**Task**
Every line below needs to be transcribed without alteration, and no image may be carried over.

**Source records**
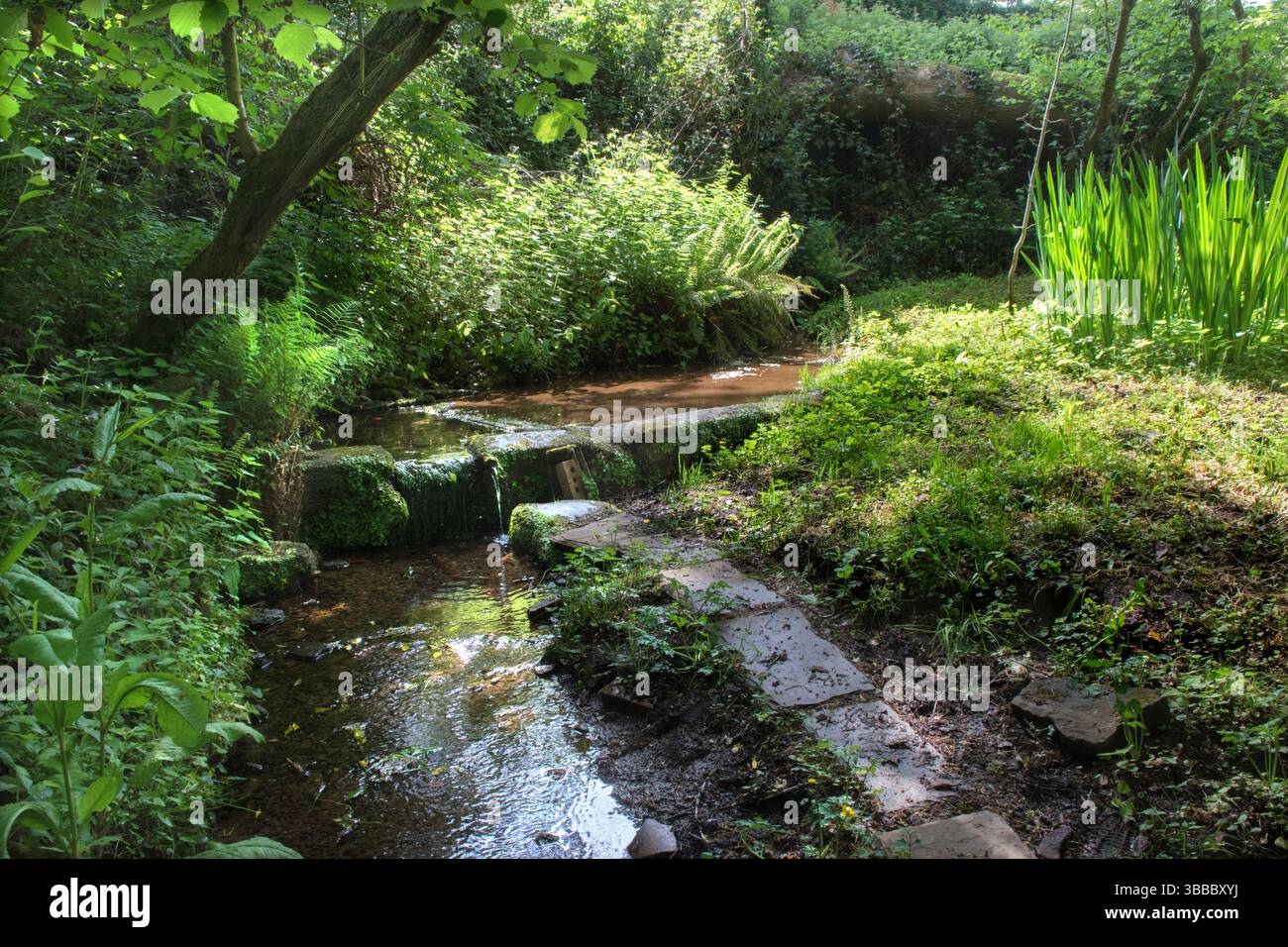 St Dyfrigs Holy Well, Hentland, Herefordshire. Il pozzo Santo è costruito con due camere di pietra poco profonde, note come lipwell. Sulla sinistra una camera raccoglie acqua potabile da cui i pellegrini possono bere (tubo di traboccamento con acqua in uscita). Dall'altra parte, il lato giusto da cui i loro animali bevono. Un flusso di trabocco è in primo piano. St Dubricius Church, Hentland, Herefordshire, Inghilterra 2025 UK 2020s HOMER SYKES Foto Stock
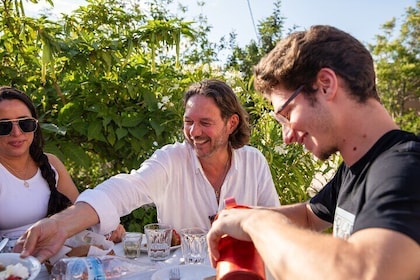 Gastronomy tour and wine tasting in traditional villages
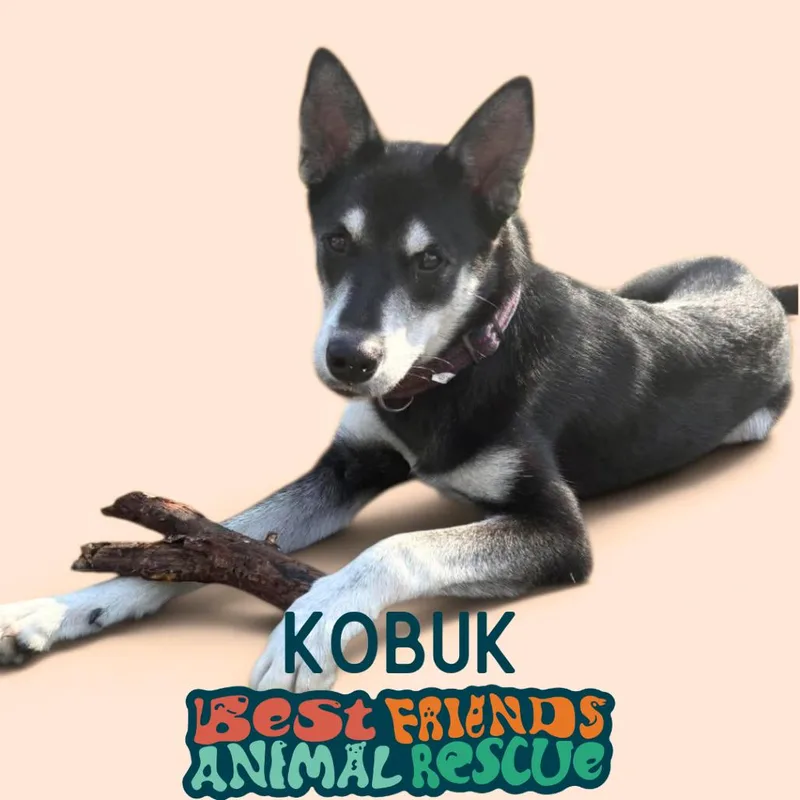 Kobuk thumbnail 4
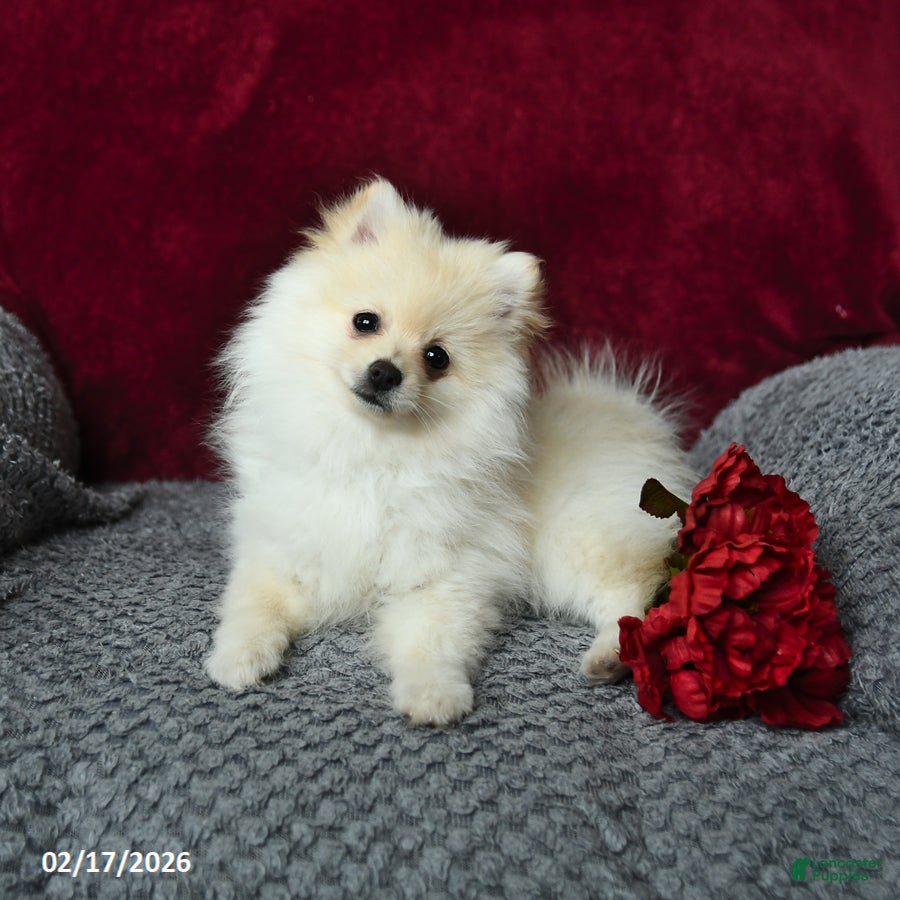 Pomeranian dogs Flurry - Ad 2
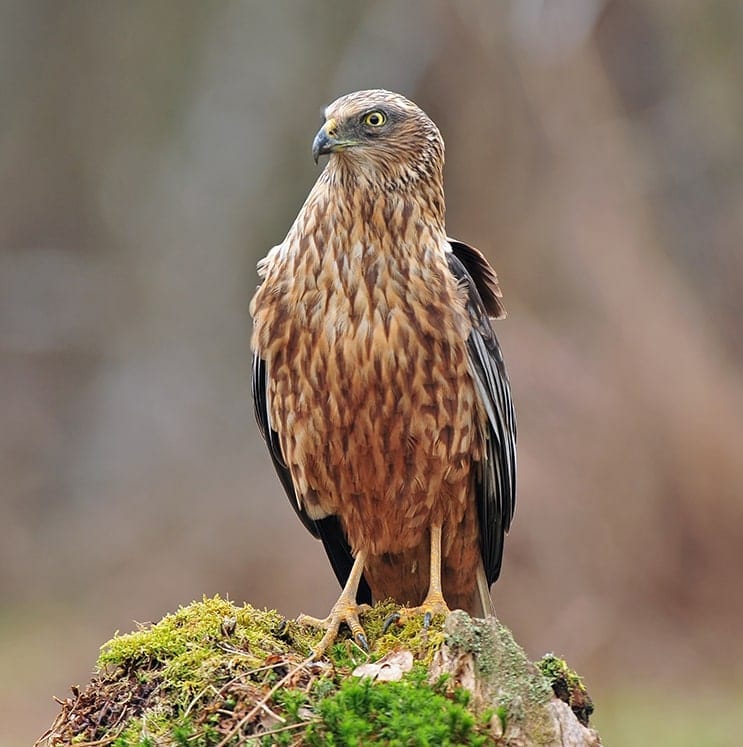 bird-image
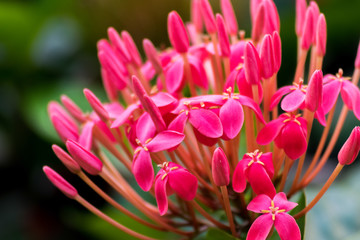 Fototapeta premium Close up shot of pink flower blossoms 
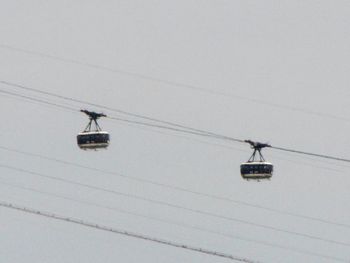 Low angle view of power lines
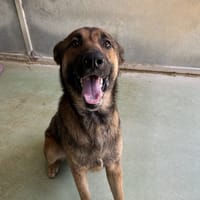 ARROW, chien à adopter
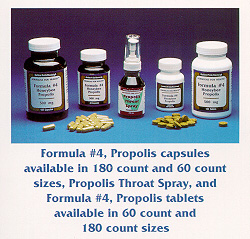 form4.jpg (51741 bytes)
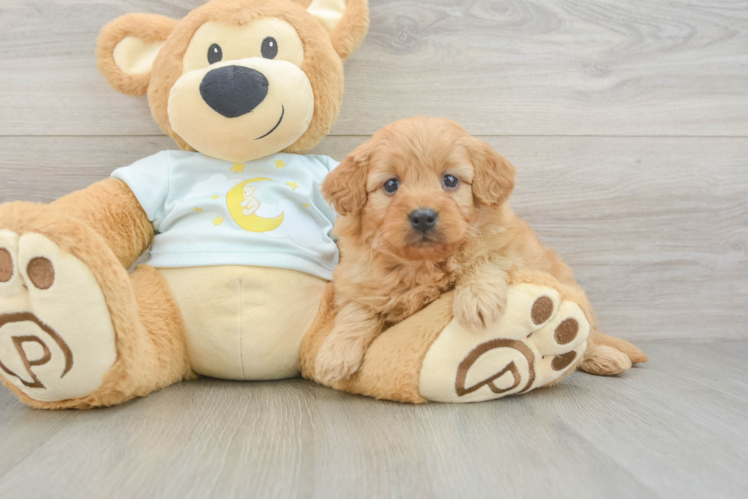 Mini Goldendoodle Pup Being Cute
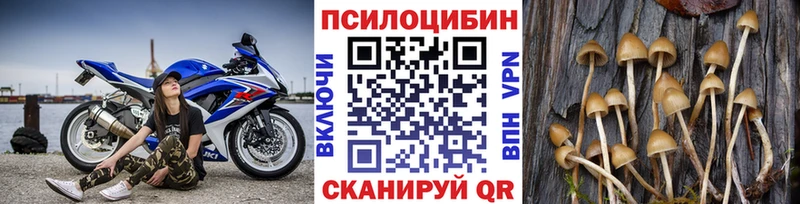 Галлюциногенные грибы мухоморы  закладка  hydra как войти  Карачаевск 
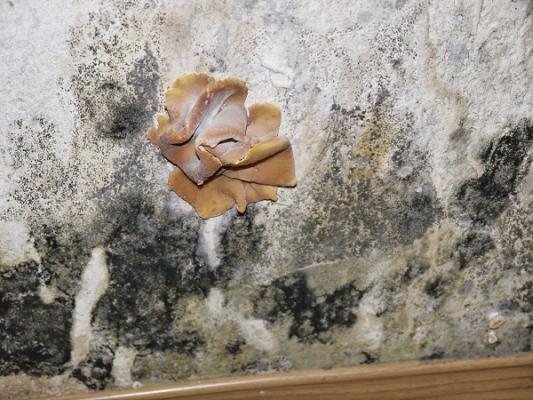 Schimmel-Sachverständiger Merx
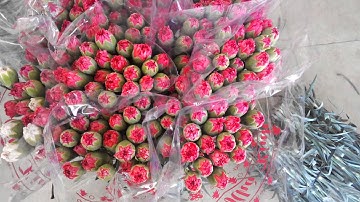 sieuthidalat.net: Bán sỉ, lẻ, bỏ mối đặc sản Đà Lạt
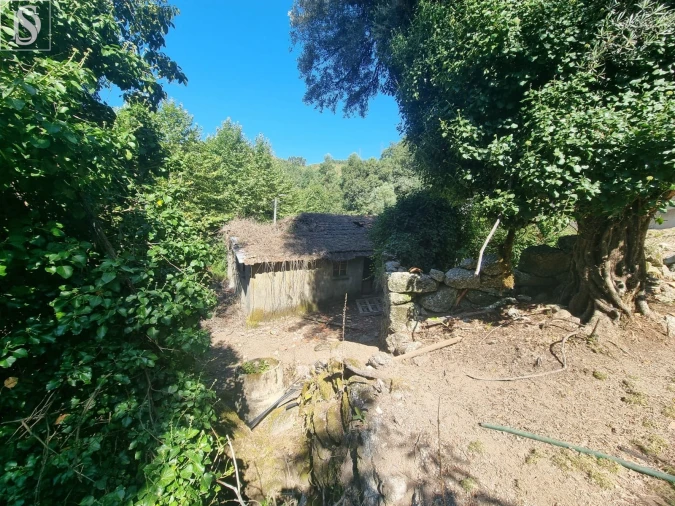 Moradia T3 para Venda em Tabuaças Foto 13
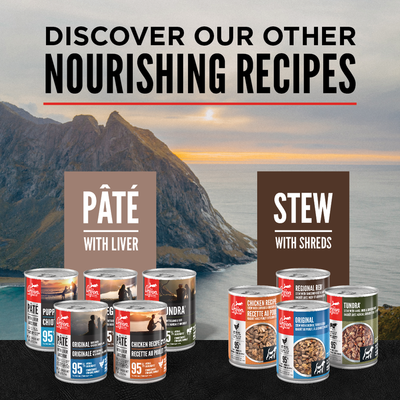 Orijen Pate Wet Dog Regional Red with Liver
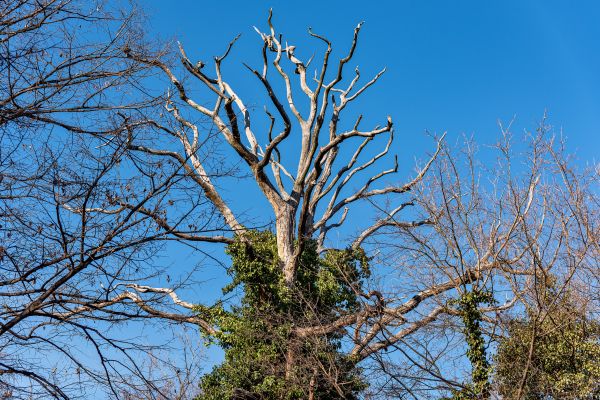 Cost of Deadwood Removal in Pataskala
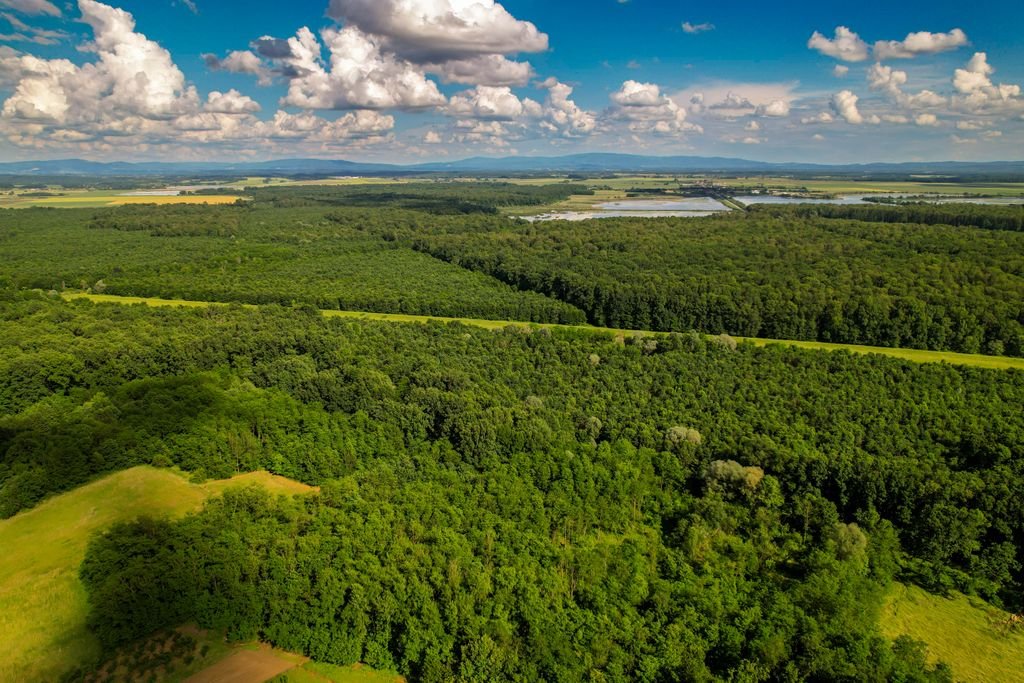 Land acreage photography Jacksonville FL
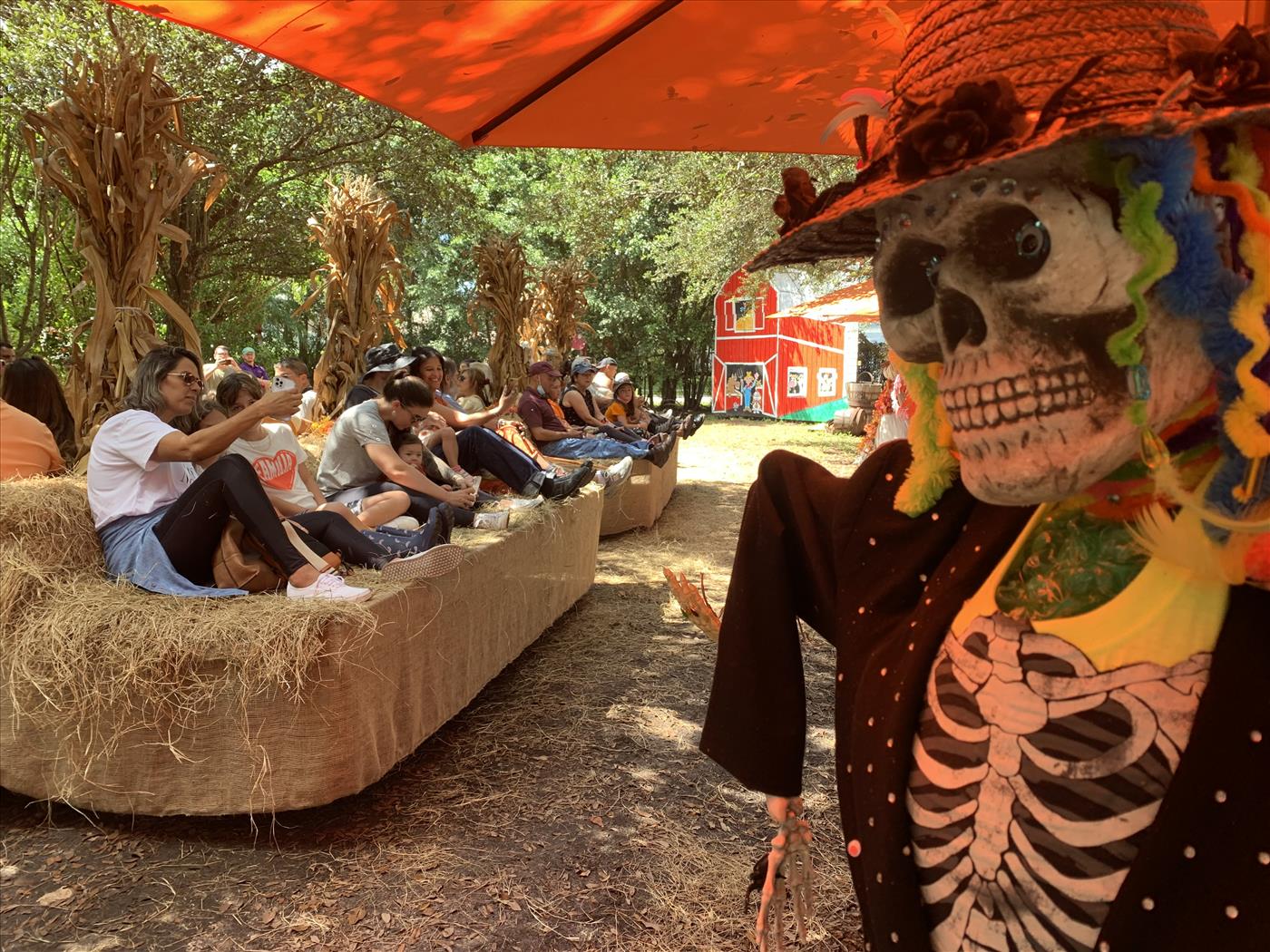 Flamingo Road Nursery β Fall Festival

**Exercise solution**
 St Dyfrigs Holy Well, Hentland, Herefordshire. Il pozzo Santo è costruito con due camere di pietra poco profonde, note come lipwell. Sulla sinistra una camera raccoglie acqua potabile da cui i pellegrini possono bere (tubo di traboccamento con acqua in uscita). Dall'altra parte, il lato giusto da cui i loro animali bevono. Un flusso di trabocco è in primo piano. St Dubricius Church, Hentland, Herefordshire, Inghilterra 2025 UK 2020s HOMER SYKES Foto Stock
 Gastronomy tour and wine tasting in traditional villages
 Kobuk thumbnail 4
 Pomeranian dogs Flurry - Ad 2
 bird-image
 Fototapeta premium Close up shot of pink flower blossoms 
 Low angle view of power lines
 ARROW, chien à adopter
 form4.jpg (51741 bytes)
 Mini Goldendoodle Pup Being Cute
 Галлюциногенные грибы мухоморы  закладка  hydra как войти  Карачаевск 
 Schimmel-Sachverständiger Merx
 sieuthidalat.net: Bán sỉ, lẻ, bỏ mối đặc sản Đà Lạt
 Moradia T3 para Venda em Tabuaças Foto 13
 Orijen Pate Wet Dog Regional Red with Liver
 Cost of Deadwood Removal in Pataskala
 Land acreage photography Jacksonville FL
 Flamingo Road Nursery β Fall Festival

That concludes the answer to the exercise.